Trig Identity Homework: Solving |sin z|^2 = \frac{1}{2}[cosh(2y)-cos(2x)]

[kreil]

Homework Statement

Show |sin z|^2 = \frac{1}{2}[cosh(2y)-cos(2x)]

Homework Equations

cosh2y = cosh^2y+sinh^2y
cos2x = cos^2x-sin^2x

The Attempt at a Solution

Here is what I have so far

|sinz|^2=|sin(x+iy)|^2=|sin(x)cosh(y)+icos(x)sinh(y)|^2

=sin^2(x)cosh^2(y)+cos^2(x)sinh^2(y)

=sin^2(x)cosh^2(y)+cos^2(x)sinh^2(y)-sin^2(x)sinh^2(y)+sin^2(x)sinh^2(y)
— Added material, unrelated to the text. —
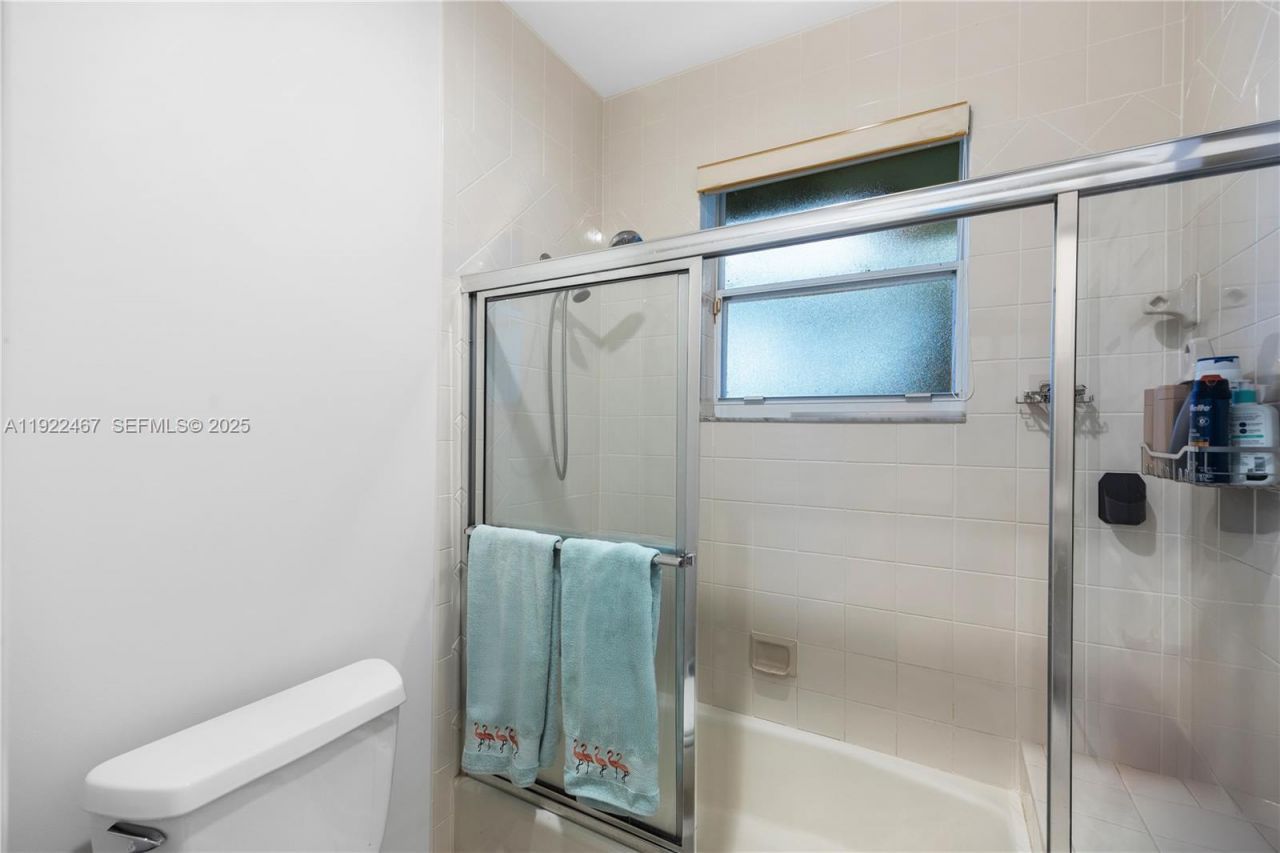 2589 Mayfair Ln, Weston, FL 33327 Photo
=sin^2(x)[cosh^2(y)+sinh^2(y)]+sinh^2(y)[cos^2(x)-sin^2(x)]

=sin^2(x)cosh(2y)+sinh^2(y)cos(2x)

how should i proceed?

 

[vela]

I'd try using the identity

\cos^2 x = \frac{1-\cos(2x)}{2}

I assume there's a similar one for \sinh^2 y.

 

[Dick]

This also works out very directly if you use sin(z)=(exp(iz)-exp(-iz))/(2i), |sin(z)|^2=sin(z)*conjugate(sin(z)) and z=x+iy. If you work directly with the exponentials, you don't need any trig identities.

 

[kreil]

This also works out very directly if you use sin(z)=(exp(iz)-exp(-iz))/(2i), |sin(z)|^2=sin(z)*conjugate(sin(z)) and z=x+iy. If you work directly with the exponentials, you don't need any trig identities.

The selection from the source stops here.